A minha mãe, uma mulher que teve quatro filhos, foi professora e, ao longo da sua vida, ocupou, e ainda ocupa, vários cargos como voluntária em associações que apoiam os mais carenciados. É uma mulher que nunca baixa os braços e luta sempre pela felicidade dos seus filhos e netos. Tem sempre a porta da casa aberta a quem mais precisa e, na mesa, há sempre lugar para mais uma pessoa. Ensinou-me a ser verdadeira, humilde e educada. Ensinou-me a ter fé (a minha mãe é uma mulher de fé) e a nunca desistir dos meus sonhos.
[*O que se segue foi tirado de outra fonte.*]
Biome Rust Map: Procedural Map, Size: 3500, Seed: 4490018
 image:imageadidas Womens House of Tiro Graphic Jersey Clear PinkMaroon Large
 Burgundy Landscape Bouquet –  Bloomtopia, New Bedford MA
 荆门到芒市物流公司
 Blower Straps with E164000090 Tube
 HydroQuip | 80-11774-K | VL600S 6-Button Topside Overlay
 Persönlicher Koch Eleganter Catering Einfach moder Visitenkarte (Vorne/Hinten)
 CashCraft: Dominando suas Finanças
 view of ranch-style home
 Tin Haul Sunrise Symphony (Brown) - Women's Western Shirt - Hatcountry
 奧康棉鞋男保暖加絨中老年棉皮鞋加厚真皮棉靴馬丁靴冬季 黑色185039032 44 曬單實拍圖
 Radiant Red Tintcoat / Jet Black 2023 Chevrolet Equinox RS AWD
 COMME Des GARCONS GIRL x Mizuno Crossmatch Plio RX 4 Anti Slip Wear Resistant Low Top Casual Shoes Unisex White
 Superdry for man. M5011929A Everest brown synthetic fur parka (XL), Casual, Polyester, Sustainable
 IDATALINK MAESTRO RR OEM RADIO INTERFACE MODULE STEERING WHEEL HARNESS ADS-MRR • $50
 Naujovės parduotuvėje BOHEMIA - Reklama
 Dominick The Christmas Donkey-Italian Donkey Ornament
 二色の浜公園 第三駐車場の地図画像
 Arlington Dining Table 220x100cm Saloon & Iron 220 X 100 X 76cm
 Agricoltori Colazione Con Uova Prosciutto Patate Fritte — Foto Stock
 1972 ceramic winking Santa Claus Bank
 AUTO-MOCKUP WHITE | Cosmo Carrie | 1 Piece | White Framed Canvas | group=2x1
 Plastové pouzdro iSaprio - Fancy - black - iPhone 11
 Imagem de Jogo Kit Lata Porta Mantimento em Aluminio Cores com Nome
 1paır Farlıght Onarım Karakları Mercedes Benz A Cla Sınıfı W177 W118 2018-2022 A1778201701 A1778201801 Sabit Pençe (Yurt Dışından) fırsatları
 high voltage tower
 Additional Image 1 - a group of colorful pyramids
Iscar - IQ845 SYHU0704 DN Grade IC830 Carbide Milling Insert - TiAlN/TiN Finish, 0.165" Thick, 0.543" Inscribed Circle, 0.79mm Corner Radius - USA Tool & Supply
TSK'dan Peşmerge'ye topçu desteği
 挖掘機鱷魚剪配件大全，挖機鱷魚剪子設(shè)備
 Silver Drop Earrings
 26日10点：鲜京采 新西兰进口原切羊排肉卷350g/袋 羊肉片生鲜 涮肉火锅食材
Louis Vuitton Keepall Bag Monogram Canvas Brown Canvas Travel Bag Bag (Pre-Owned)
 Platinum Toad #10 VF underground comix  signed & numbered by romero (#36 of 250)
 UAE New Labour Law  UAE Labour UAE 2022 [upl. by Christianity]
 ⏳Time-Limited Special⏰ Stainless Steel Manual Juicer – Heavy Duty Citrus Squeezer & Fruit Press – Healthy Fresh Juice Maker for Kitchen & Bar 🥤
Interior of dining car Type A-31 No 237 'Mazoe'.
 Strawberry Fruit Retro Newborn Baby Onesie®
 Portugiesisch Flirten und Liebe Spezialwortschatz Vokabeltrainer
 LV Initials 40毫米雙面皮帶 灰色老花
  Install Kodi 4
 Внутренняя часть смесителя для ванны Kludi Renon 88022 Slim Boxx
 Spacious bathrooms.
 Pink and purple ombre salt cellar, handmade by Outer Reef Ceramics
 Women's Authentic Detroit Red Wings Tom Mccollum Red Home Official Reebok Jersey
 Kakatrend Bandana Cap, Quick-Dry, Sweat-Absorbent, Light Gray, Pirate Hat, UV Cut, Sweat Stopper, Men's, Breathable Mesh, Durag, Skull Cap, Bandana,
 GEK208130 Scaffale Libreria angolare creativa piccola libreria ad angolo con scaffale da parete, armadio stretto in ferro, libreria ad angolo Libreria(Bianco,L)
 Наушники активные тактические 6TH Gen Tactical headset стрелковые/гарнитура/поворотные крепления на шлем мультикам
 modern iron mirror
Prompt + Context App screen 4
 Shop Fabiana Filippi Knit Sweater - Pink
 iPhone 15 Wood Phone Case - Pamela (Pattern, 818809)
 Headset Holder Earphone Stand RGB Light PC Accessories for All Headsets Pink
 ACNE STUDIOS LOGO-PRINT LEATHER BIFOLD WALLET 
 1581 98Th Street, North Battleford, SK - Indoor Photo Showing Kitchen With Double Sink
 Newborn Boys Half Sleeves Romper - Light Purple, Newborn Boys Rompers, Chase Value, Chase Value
Estas são as principais mulheres da minha vida, depois tenho como fonte de inspiração mulheres como Eleanor Roosevelt, uma mulher com uma visão incrível para a época, com uma coragem e um jogo de cintura que a permitiu criar numa época dominada pelos preconceitos e discriminação, a carta da liberdade, a declaração universal dos direitos do Homem. Um legado que permitiu que a lei que defende os direitos dos homens e das mulheres estivesse presente num grande número de países. Cabe-nos a nós, agora, dar continuidade a este legado para que chegue a muitos maisá
Hoje fala-se mais sobre igualdade de género. Mas talvez ainda não seja o suficiente. É essa uma das missões do programa?
Falar de igualdade de género é falar de direitos humanos, é falar de justiça. Hoje fala-se mais porque as mulheres têm mais acesso à educação e percebem os seus direitos. Há 50 anos, as mulheres não viviam livres e por isso pouco se falava de direitos iguais, não havia liberdade de expressão. As mulheres tinham medo, dependiam dos seus maridos, dos seus pais. Hoje, uma mulher que viva num país democrata, é uma mulher livre, independente, que luta pelos seus direitos, que estuda, que se especializa, o que na minha opinião é a maior arma para combater a desigualdade.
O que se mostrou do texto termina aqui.